Ich würde vermuten, oder hoffe zumindest, dass die meisten Menschen das ähnlich handhaben wie ich. Dass also die subjektiv empfundene Glaubwürdigkeit zunimmt je mehr Opfer sich melden.

Auftritt Katholische Kirche

Kehren wir noch einmal zurück zur Religion, diesmal dem katholischen Christentum. Über die letzten Jahre, beinahe Jahrzehnte gab es immer wieder Vorwürfe wegen systematischen Kindesmissbrauchs in der katholischen Kirche. Im Gegensatz zu dem Rammstein-Skandal waren dort aber nicht junge Frauen die Opfer, sondern Kinder, häufig Jungen, die als Messdiener oder Chorsänger tätig waren. In den meisten dieser Fälle haben die Opfer als Erwachsene ihr Schweigen gebrochen und die zum Teil Jahrzehnte zurückliegenden Fälle öffentlich gemacht. Es liegt in der Natur der Sache, dass sie ihre Vorwürfe nicht beweisen konnten. Die Vorwürfe waren schockierend, die Taten teilweise verjährt, die Beschuldigten erfolgten teilweise in öffentlichen Zeitungsartikeln. (Disclaimer: Ich habe es nicht minutiös verfolgt, weil ich mit allen Monotheismen spinnefeind bin, ob sie nun Kinder oder Frauen vergewaltigen.)

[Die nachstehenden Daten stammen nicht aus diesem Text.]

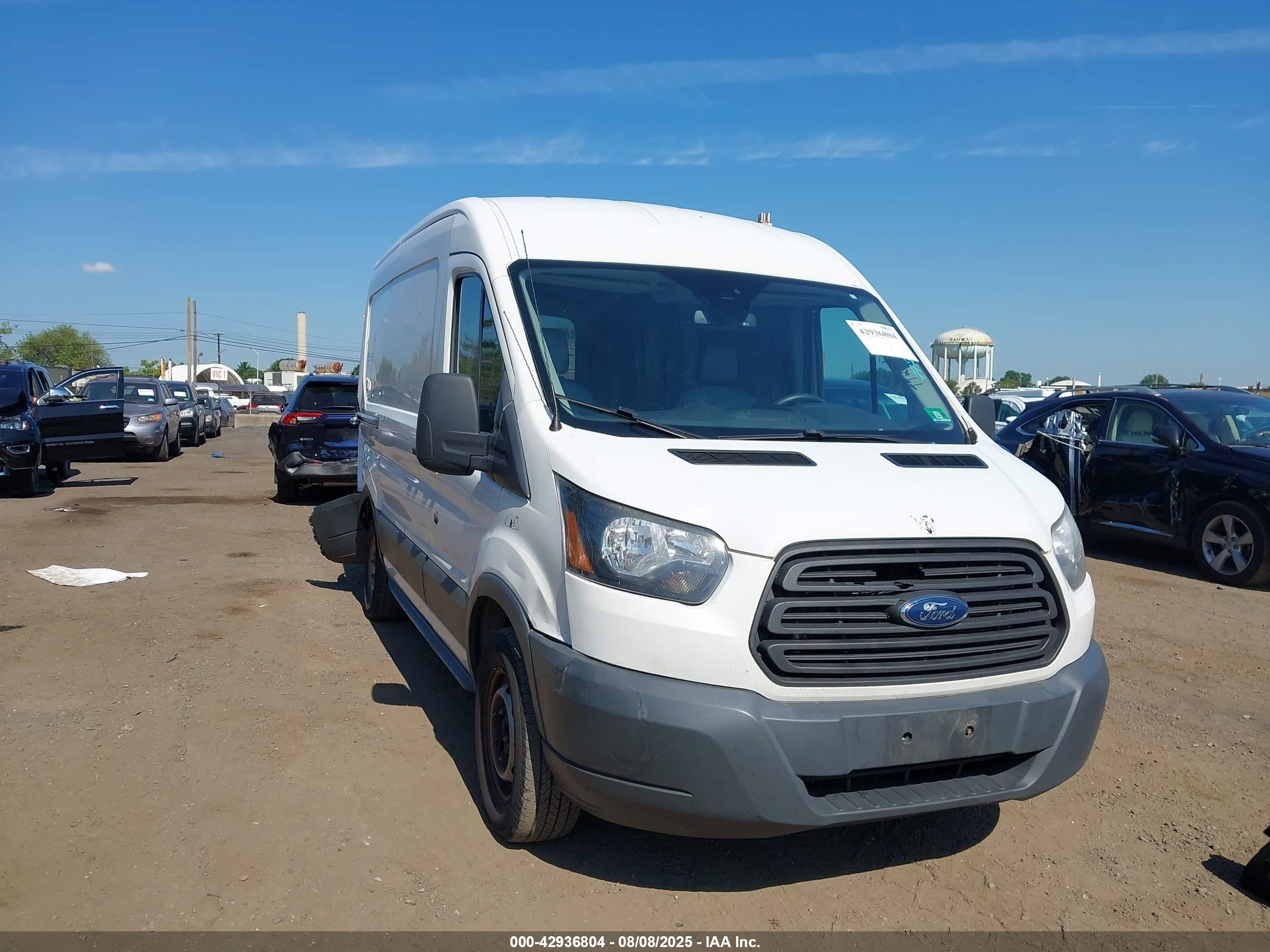 2017 Ford Transit Cargo, VIN 1FTYE1CMXHKB00888 — Rear end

Vorhaltungen, wie sie weibliche Opfer in vergleichbaren Situationen zu hören bekommen - "Warum hast Du nicht früher etwas gesagt? Kann ja so schlimm nicht gewesen sein!" - gab es kaum. Zu recht gab es sie kaum, denn Opfer sexueller Gewalt müssen Raum bekommen, frei und ohne Angst zu sprechen. Es geht mir nicht darum, hier den einen Missbrauch gegen den anderen aufzuwiegen - das geht auch gar nicht, weil bei Rammstein noch zu viel im Unklaren liegt. Mir geht es nicht um die vorgeworfenen Taten, sondern um die Reaktionen.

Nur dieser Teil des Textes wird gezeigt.